Their question was: they have a few customer pages using Next.js without a robots.txt or a sitemap file. Simplified, theoretically, Googlebot can reach all of these pages.
But why is only the homepage getting indexed? There are no errors or warnings in Search Console. Why doesn’t Googlebot find the other pages?
So why isn’t Google indexing everything?
John said that it’s important to first recognize that Googlebot will never index everything across a website.
He also explained that he doesn’t think it happens to any kind of non-trivial-sized website, that Google would go off and index everything completely. Just from a practical point of view, it’s not possible to index everything across the whole web.
So that kind of assumption that the ideal situation is ‘everything is indexed,’ I would leave that aside, and say, like, you really want Googlebot to focus on the important pages.

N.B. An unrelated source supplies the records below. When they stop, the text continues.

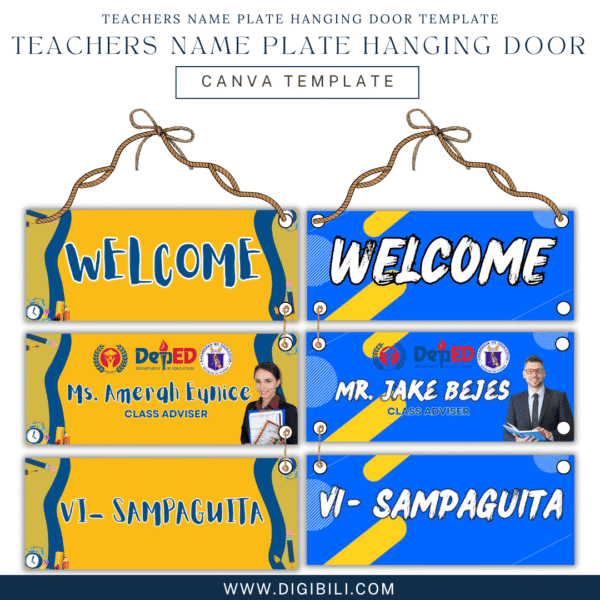 TEACHERS NAME PLATE HANGING DOOR TEMPLATE - Image 2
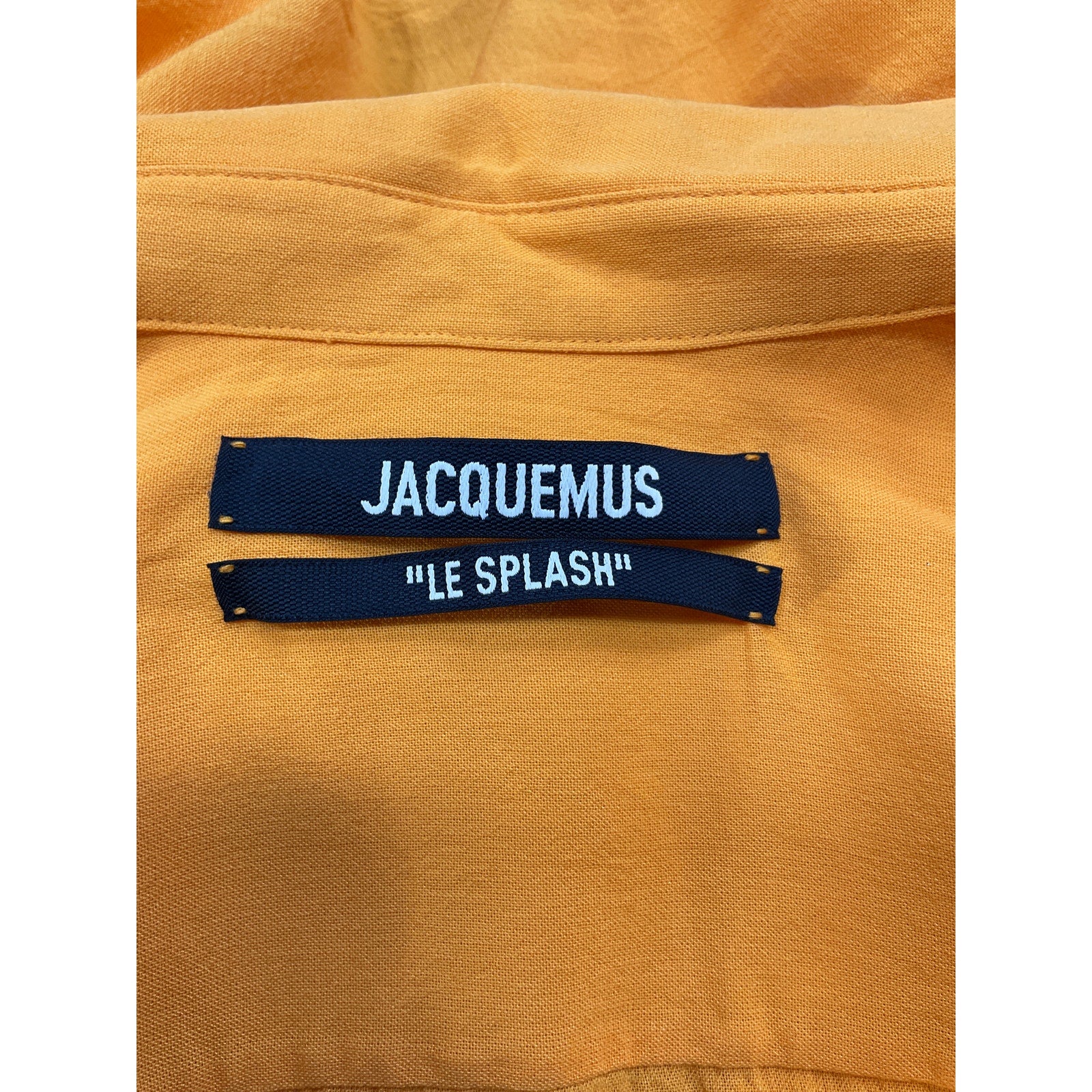 Jacquemus 'La Chemise Bahia' Orange Viscose Shirt Size 44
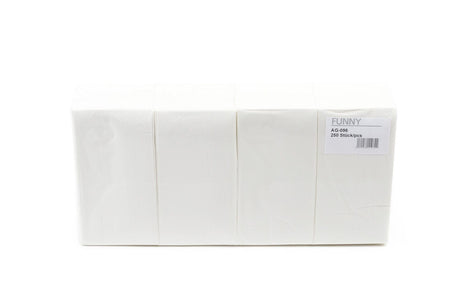 Servietten, 33 x 33 cm, 2-lagig, weiß, 1/8 Falz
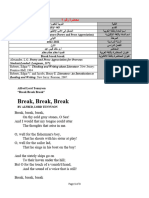 Break, Break, Break: Studentslondod: Longman, 1971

John also said: “the other thing though, which became a little bit clearer when the person contacted me on Twitter and gave me a little bit more information about their website, was that the way the website was generating links to the other pages was in a way that Google was not able to pick up.”
But rather, Google will go off and look for normal HTML links, which is the kind of traditional normal way that you would link to individual pages on a website. But with this framework, it didn’t generate these normal HTML links.
John continued: there are lots of creative ways to create links.
And Googlebot really needs to find those HTML links to make it work.
This happens at approximately the 04:20 mark in the video.